MILL VALLEY, Calif. (KTVU) - PG&E continued it's ongoing effort to restore power to all customers impacted by the unprecedented blackout.
By about 4 p.m. Friday there were slightly less than 200,000 customers offline. Well below the 740,000 residents who lost electricity at the peak of the windstorms. But that's of little consolation to those still without.
With power equipment still undergoing inspections and repairs in Marin County, a flashing sign, high up on Panoramic Highway, advertised that Muir Woods was closed. It was put there to help folks with parking reservations avoid the steep, winding, narrow road down to the closed National Monument's site.
After inspections had uncovered wind damaged equipment, PG&E had repairs going on in numerous places across the Bay Area.

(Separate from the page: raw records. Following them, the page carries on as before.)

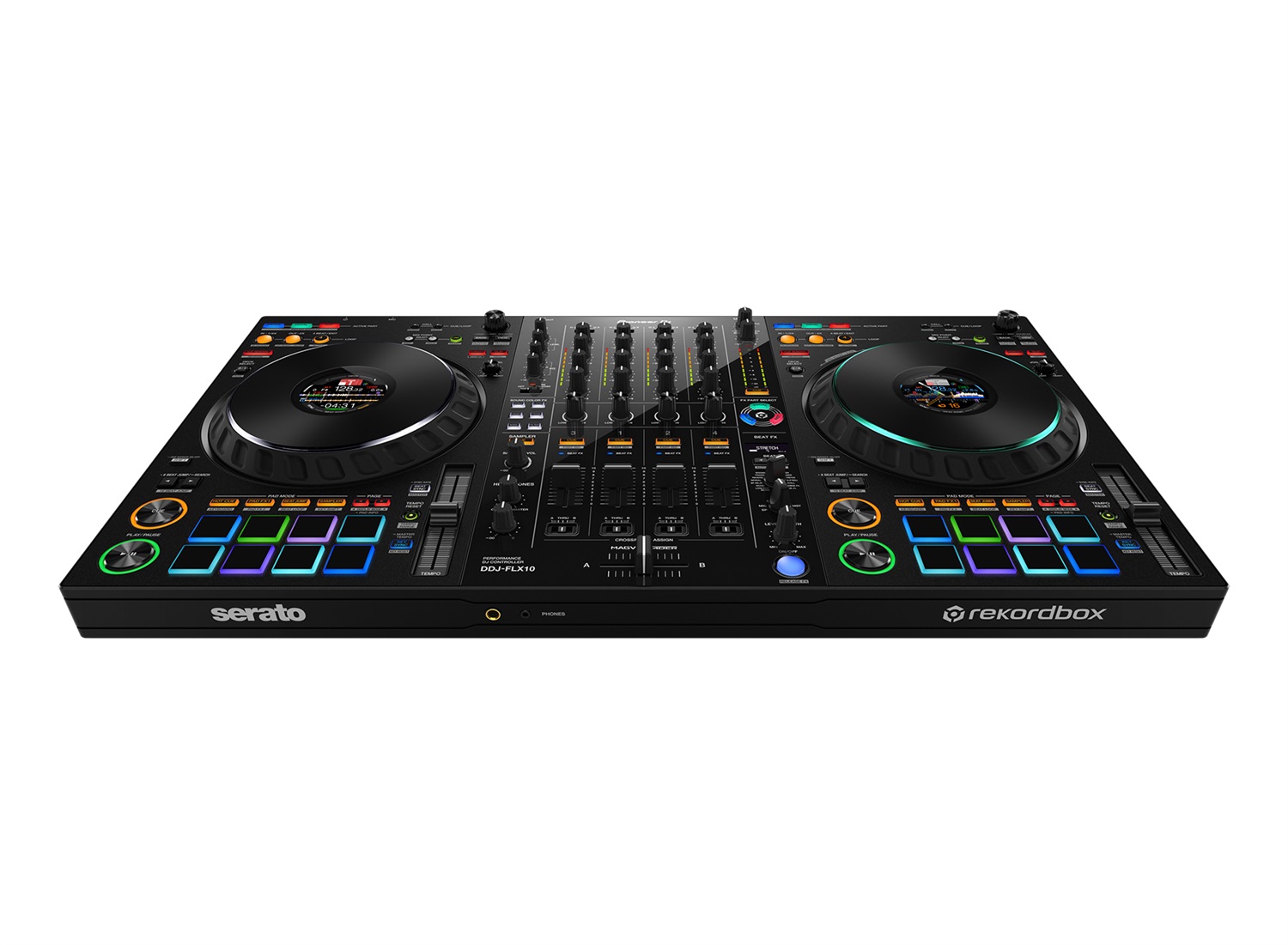 Pioneer DJ DDJ-FLX10 Controller per DJ a 4 Canali con Tecnologia Track Separation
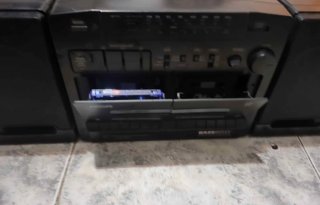 Radio Cassette Philips Vintage Negro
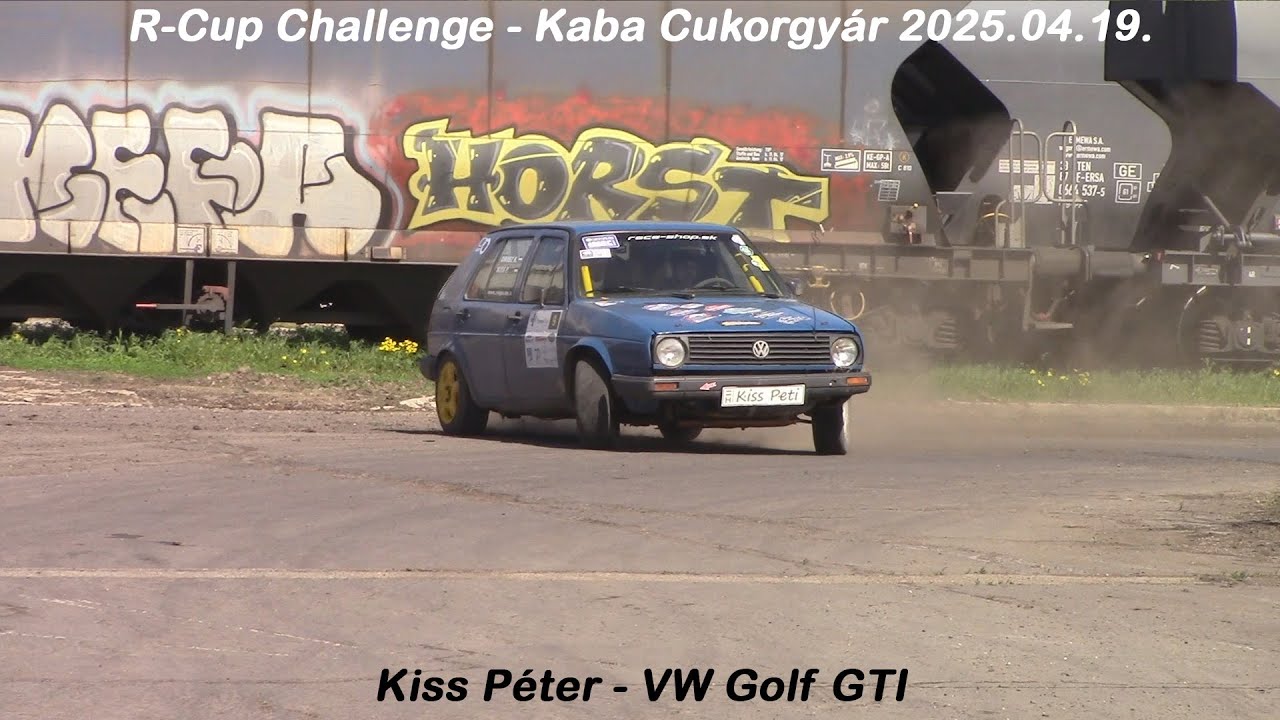 Kiss Péter - VW Golf GTI R-Cup Challenge - Kaba Cukorgyár 2025.04.19.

"As of 6 a.m. on Friday, PG&E found 23 instances of weather-related damage on impacted lines and we're working right now to get all those repairs fixed and the lines back up and running," said PG&E spokeswoman Megan McFarland.
In anticipation of having some power poles fail up in high wind areas, PG&E put stores of extra poles around. It turns out on Panoramic Highway, above Mill Valley, they needed one and had to replace it.
Some of the severe weather leading to the shutoffs as well as the resulting damage occurred on very large circuits that serve wide areas. So, says the utility says, even in some areas with no wind issues, power was interrupted nonetheless.
"A transmission line can extend hundreds of miles and sometimes the terrain is treacherous, it's rocky, it's steep. But, our crews get out there and by helicopter and by foot and by drone, they inspect every inch of the line that we de-energized," said Ms. McFarland.
The utility hasn't given a definitive answer for when power will be fully restored to all areas, but as more repairs are made that will speed up the process.